Exercise details:
Will you output the entries below exactly, skipping every image they contain?

|---|

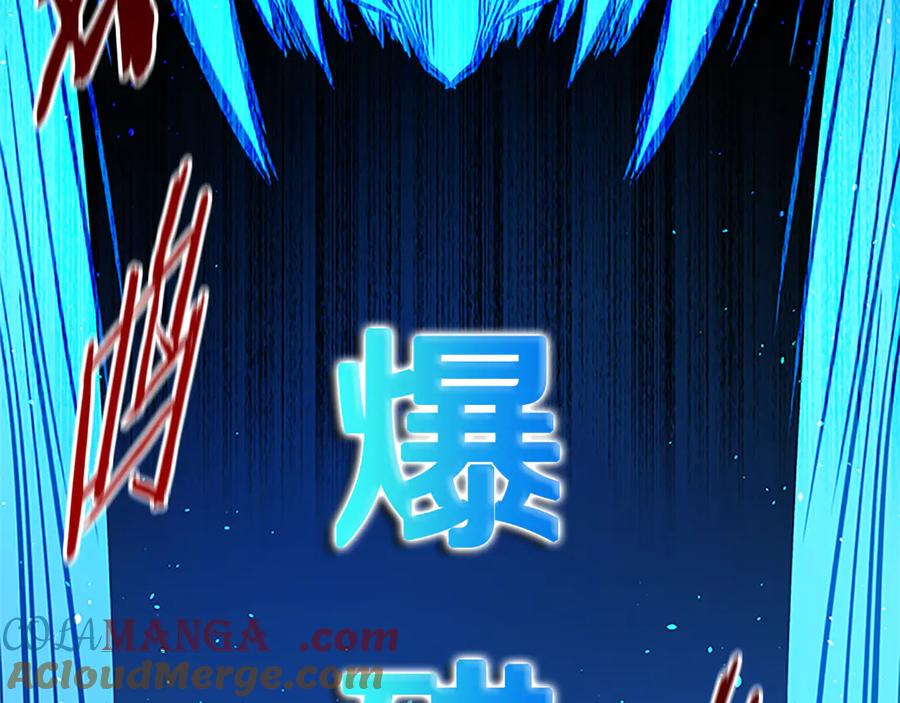 第229页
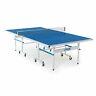 Stiga Xtr Series Table Tennis Table Xtr And Xtr Pro Indoor Outdoor Ping Pong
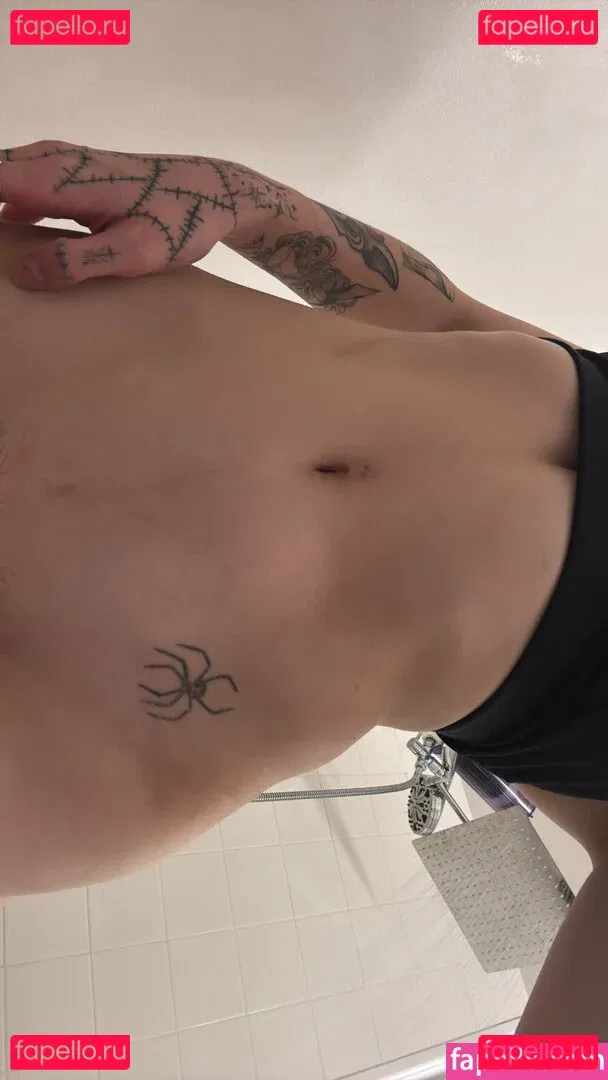 adylasworld Onlyfans Photo Gallery 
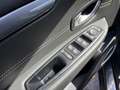 Renault Scenic Scénic XMOD Energy dCi 110 Bose Edition Schwarz - thumbnail 13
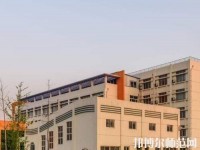 貴陽女子中等幼師專業學校2023年報名條件、招生要求、招生對象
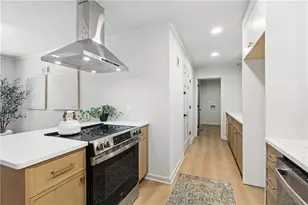 4140 Manson Ave SE, Smyrna, GA 30082 - Photo 14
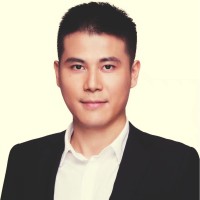 Yi Sun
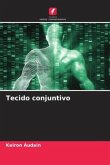 Tecido conjuntivo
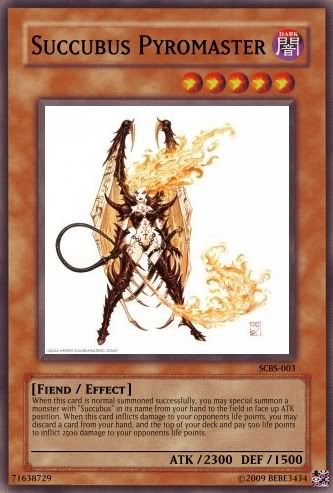 SuccubusPyromaster.jpg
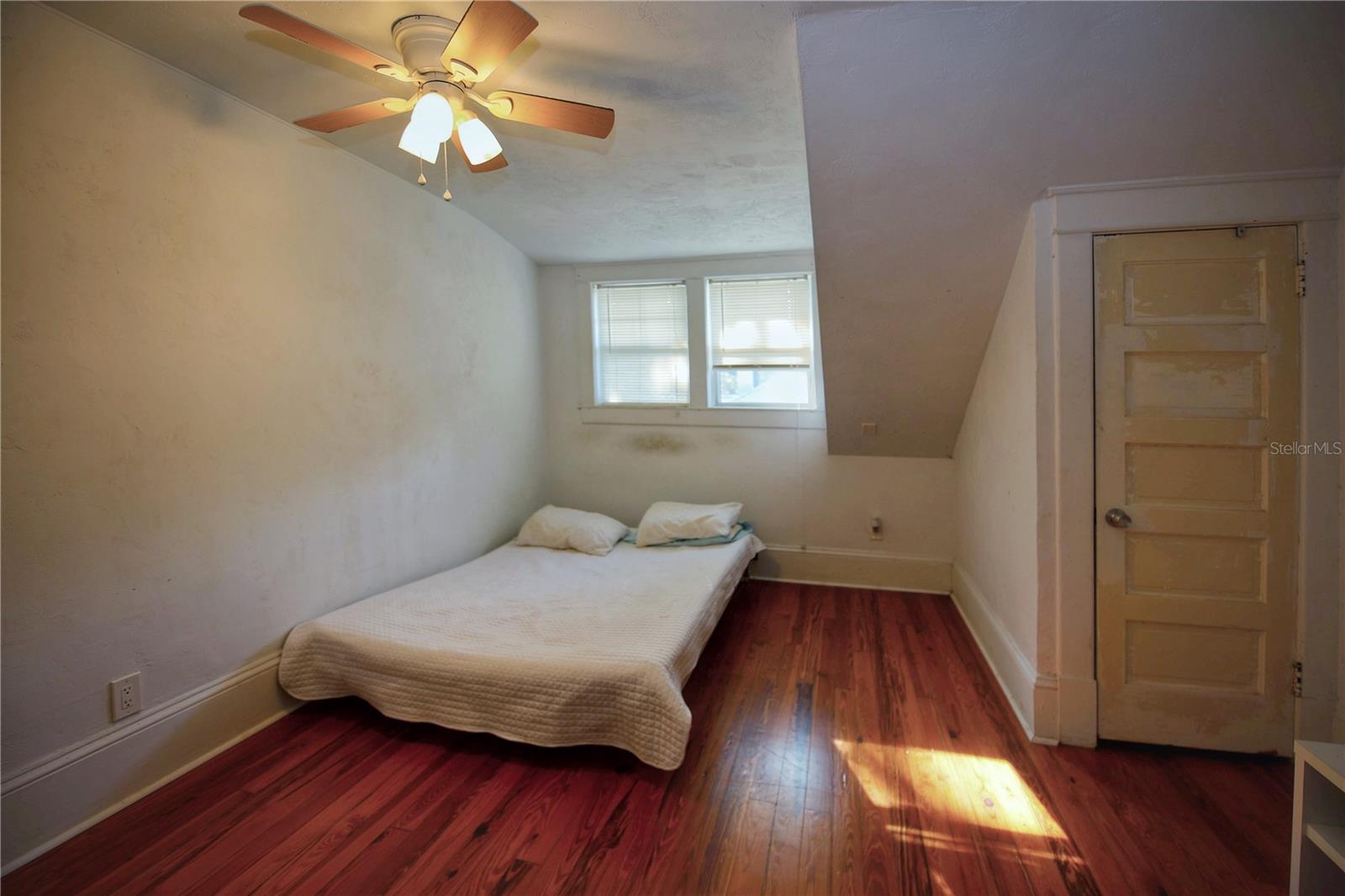 1116 MAGNOLIA ST, NEW SMYRNA BEACH, FL, 32168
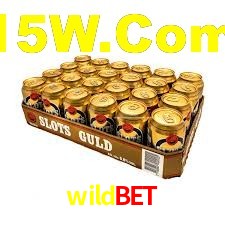 wildbet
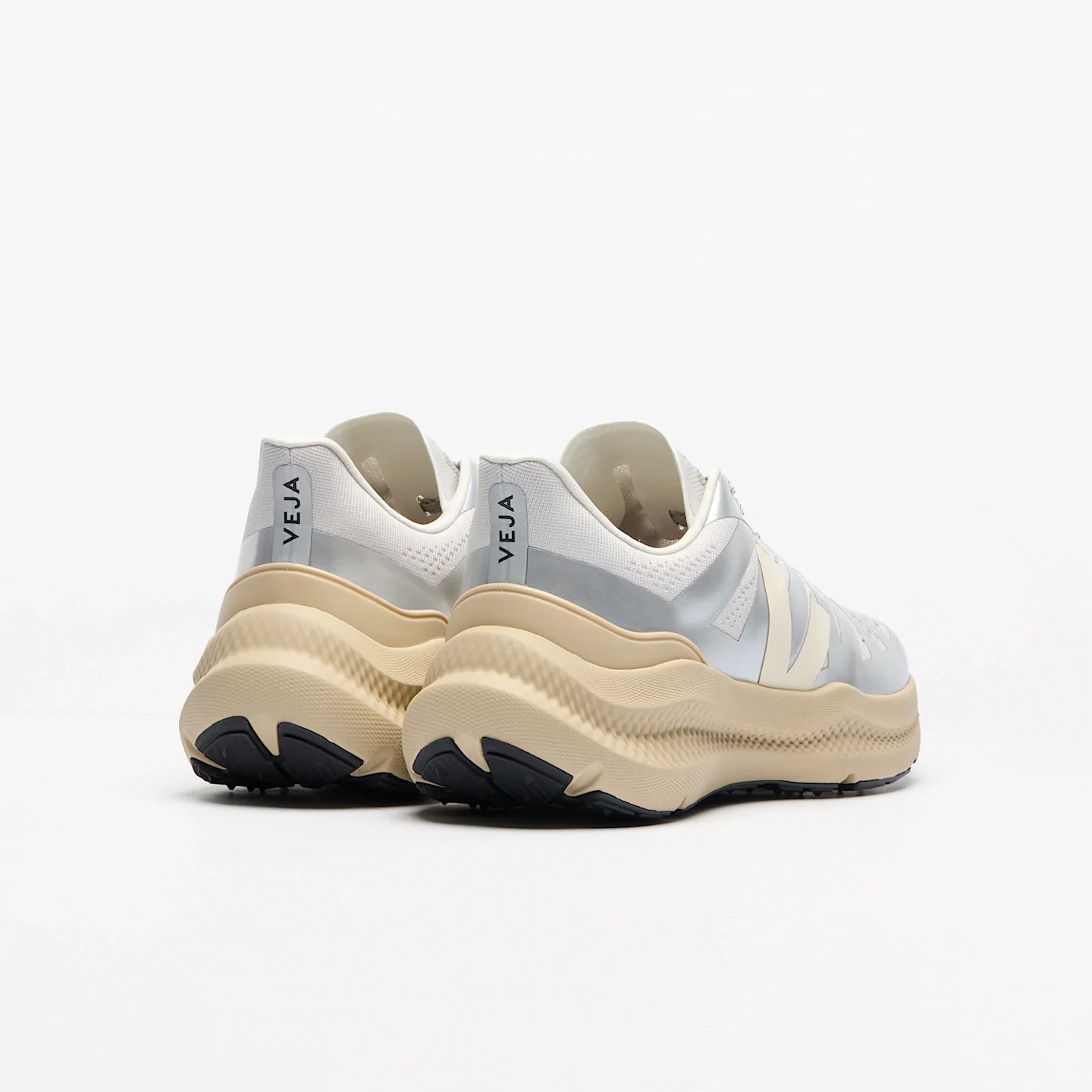 Zapatillas Veja De Mujer Condor 3 Advanced Engineered-Mesh - Image 3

|---|

Answer to the problem:
 第229页
 Stiga Xtr Series Table Tennis Table Xtr And Xtr Pro Indoor Outdoor Ping Pong
 adylasworld Onlyfans Photo Gallery 
 Renault Scenic Scénic XMOD Energy dCi 110 Bose Edition Schwarz - thumbnail 13
 貴陽女子中等幼師專業學校2023年報名條件、招生要求、招生對象
 4140 Manson Ave SE, Smyrna, GA 30082 - Photo 14
 Yi Sun
 Tecido conjuntivo
 SuccubusPyromaster.jpg
 1116 MAGNOLIA ST, NEW SMYRNA BEACH, FL, 32168
 wildbet
 Zapatillas Veja De Mujer Condor 3 Advanced Engineered-Mesh - Image 3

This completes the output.